Output the whole listing below exactly, omitting the images.

● RECORDS FOR PROCESSING
++++

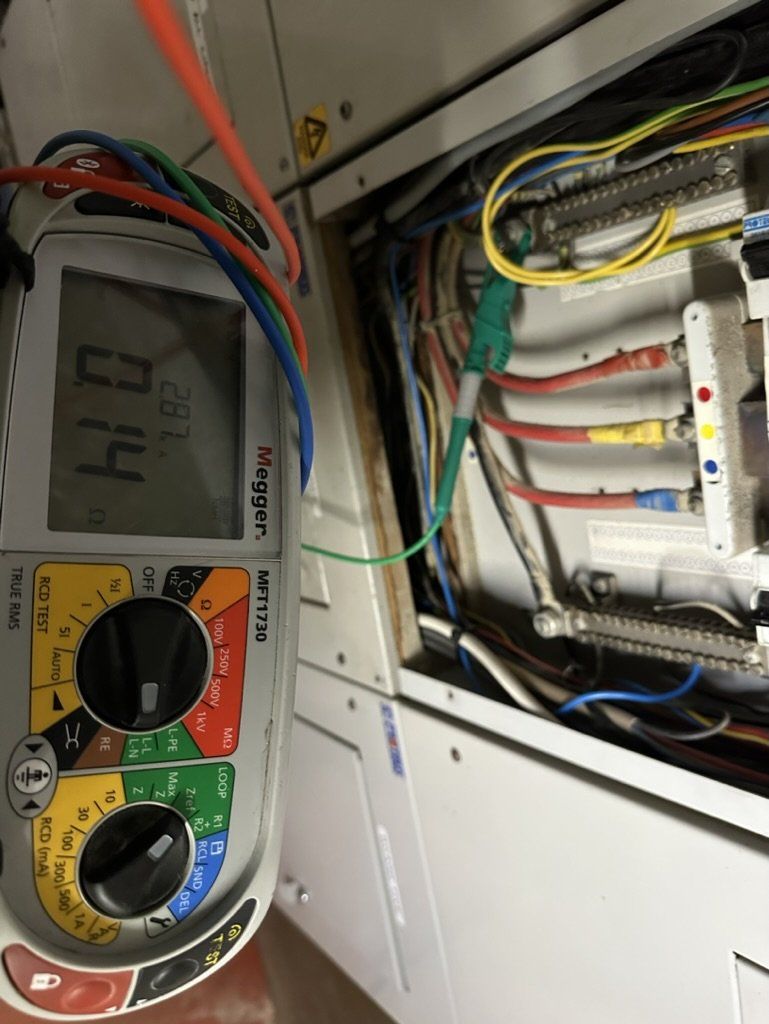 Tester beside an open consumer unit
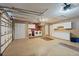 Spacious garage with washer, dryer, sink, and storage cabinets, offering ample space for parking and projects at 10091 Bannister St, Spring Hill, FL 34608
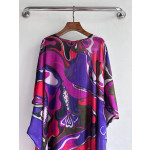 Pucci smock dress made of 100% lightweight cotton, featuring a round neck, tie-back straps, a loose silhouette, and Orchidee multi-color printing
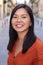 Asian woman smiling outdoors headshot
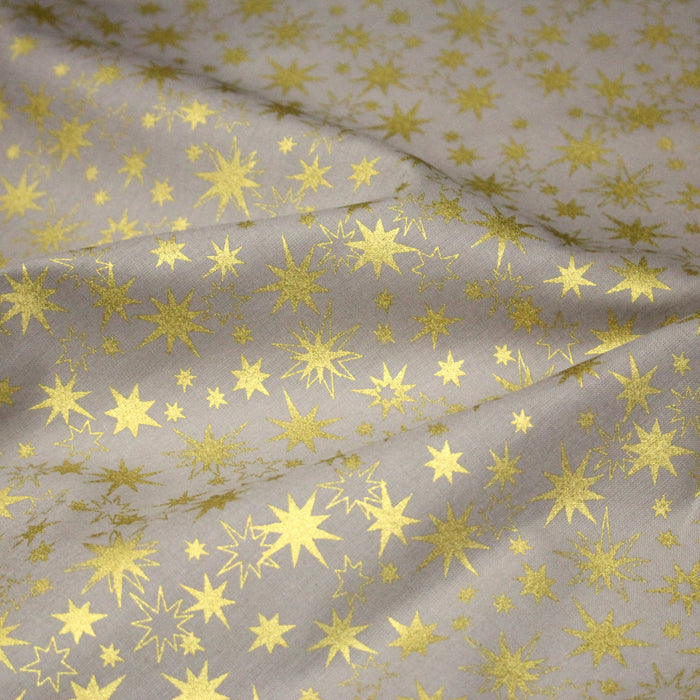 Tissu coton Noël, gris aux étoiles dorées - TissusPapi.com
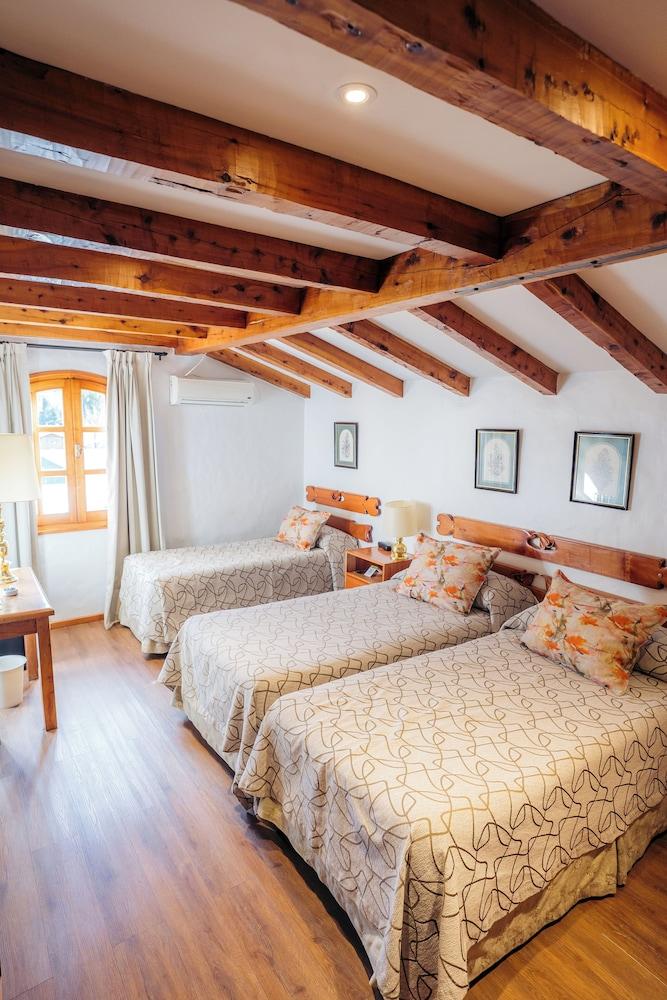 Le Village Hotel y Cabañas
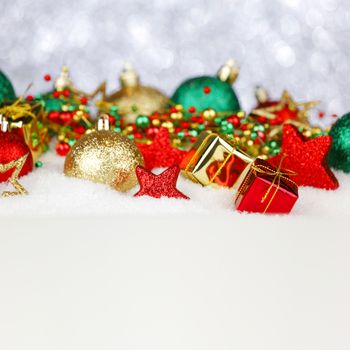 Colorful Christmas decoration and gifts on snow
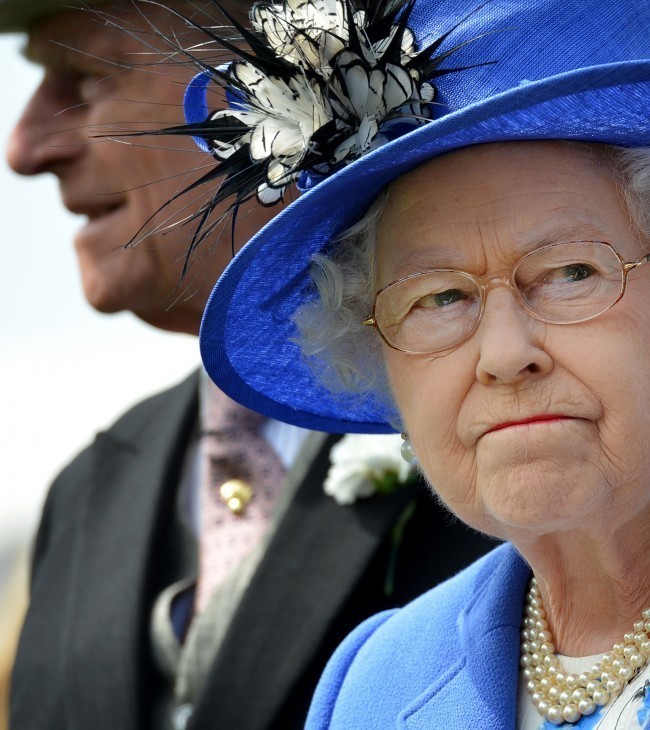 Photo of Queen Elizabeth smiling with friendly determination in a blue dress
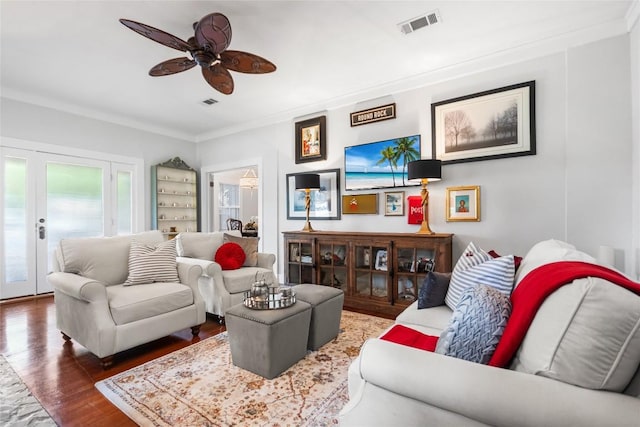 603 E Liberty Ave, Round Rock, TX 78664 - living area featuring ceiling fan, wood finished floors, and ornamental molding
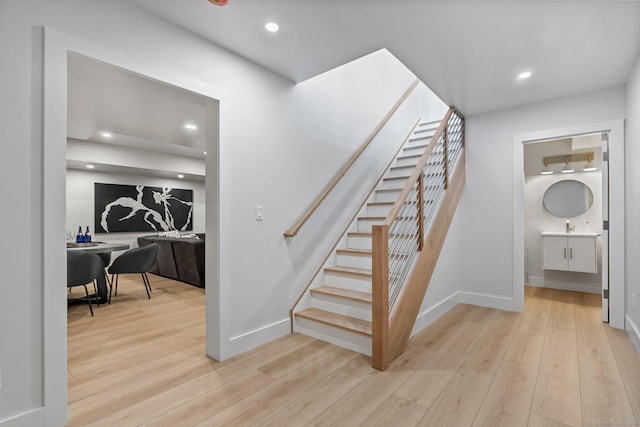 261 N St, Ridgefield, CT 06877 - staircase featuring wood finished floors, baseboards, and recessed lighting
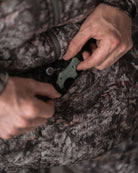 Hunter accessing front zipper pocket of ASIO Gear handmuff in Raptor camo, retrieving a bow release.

++++

● ANSWER SECTION
 Tester beside an open consumer unit
 Spacious garage with washer, dryer, sink, and storage cabinets, offering ample space for parking and projects at 10091 Bannister St, Spring Hill, FL 34608
 Pucci smock dress made of 100% lightweight cotton, featuring a round neck, tie-back straps, a loose silhouette, and Orchidee multi-color printing
 Asian woman smiling outdoors headshot
 Tissu coton Noël, gris aux étoiles dorées - TissusPapi.com
 Le Village Hotel y Cabañas
 Colorful Christmas decoration and gifts on snow
 Photo of Queen Elizabeth smiling with friendly determination in a blue dress
 603 E Liberty Ave, Round Rock, TX 78664 - living area featuring ceiling fan, wood finished floors, and ornamental molding
 261 N St, Ridgefield, CT 06877 - staircase featuring wood finished floors, baseboards, and recessed lighting
 Hunter accessing front zipper pocket of ASIO Gear handmuff in Raptor camo, retrieving a bow release.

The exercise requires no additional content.